▶ _WHAT IS BEING ASKED_:
Reproduce, word for word, the lines in the material below starting with the one that has "Then we put" and going on through the one that has "Welcome to our". Leave out all pictures.

▶ _MATERIAL FOR THIS EXERCISE_:
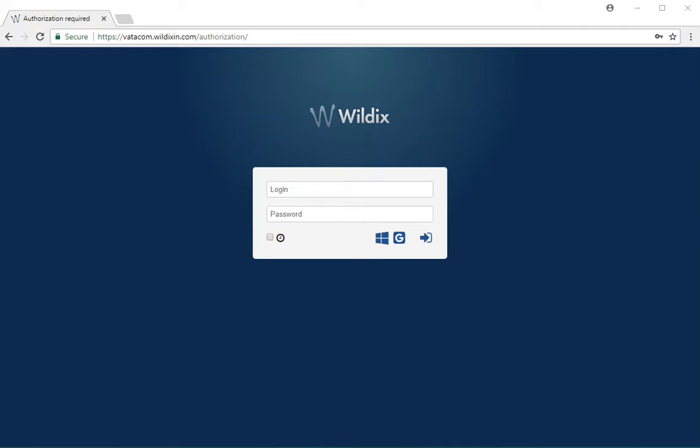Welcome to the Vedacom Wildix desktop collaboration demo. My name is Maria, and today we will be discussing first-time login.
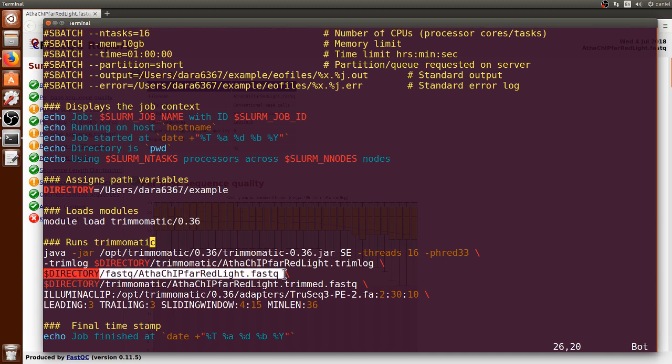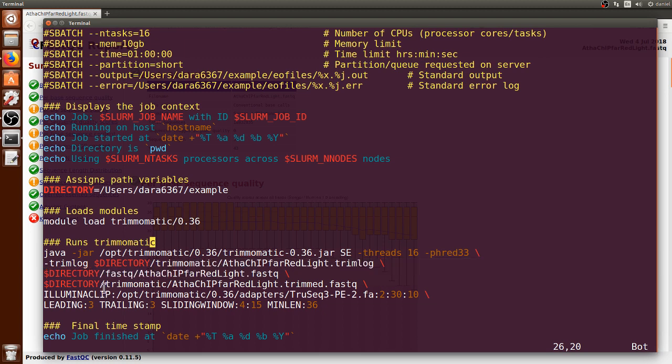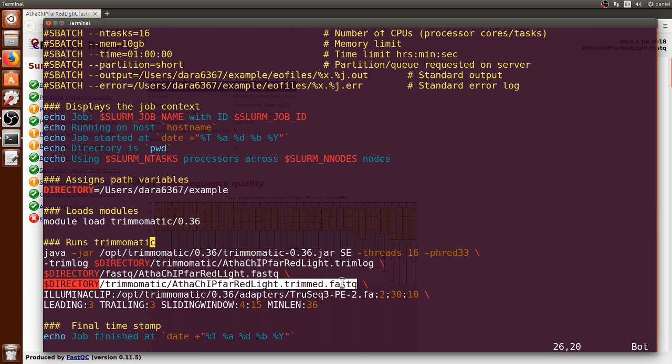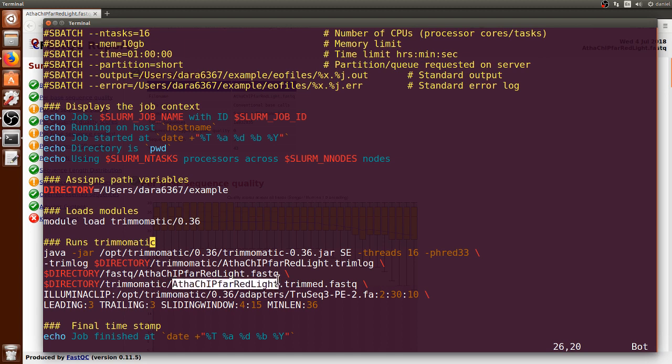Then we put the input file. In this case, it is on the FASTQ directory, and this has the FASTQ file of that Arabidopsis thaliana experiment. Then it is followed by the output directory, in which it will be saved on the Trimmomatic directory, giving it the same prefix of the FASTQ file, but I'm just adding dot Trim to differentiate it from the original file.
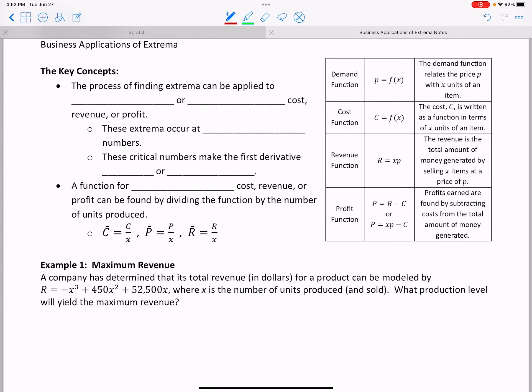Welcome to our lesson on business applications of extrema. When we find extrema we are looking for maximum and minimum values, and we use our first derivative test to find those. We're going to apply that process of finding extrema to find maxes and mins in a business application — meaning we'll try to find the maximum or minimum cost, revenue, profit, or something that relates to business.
---
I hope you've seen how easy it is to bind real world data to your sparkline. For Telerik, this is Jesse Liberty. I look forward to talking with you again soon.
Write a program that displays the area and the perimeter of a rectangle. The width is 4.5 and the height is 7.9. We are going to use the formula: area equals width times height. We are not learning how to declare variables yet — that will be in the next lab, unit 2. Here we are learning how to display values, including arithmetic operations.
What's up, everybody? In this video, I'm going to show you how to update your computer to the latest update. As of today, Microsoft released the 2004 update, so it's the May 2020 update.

▶ _OUTPUT FOR THIS EXERCISE_:
Then we put the input file. In this case, it is on the FASTQ directory, and this has the FASTQ file of that Arabidopsis thaliana experiment. Then it is followed by the output directory, in which it will be saved on the Trimmomatic directory, giving it the same prefix of the FASTQ file, but I'm just adding dot Trim to differentiate it from the original file.
Welcome to our lesson on business applications of extrema. When we find extrema we are looking for maximum and minimum values, and we use our first derivative test to find those. We're going to apply that process of finding extrema to find maxes and mins in a business application — meaning we'll try to find the maximum or minimum cost, revenue, profit, or something that relates to business.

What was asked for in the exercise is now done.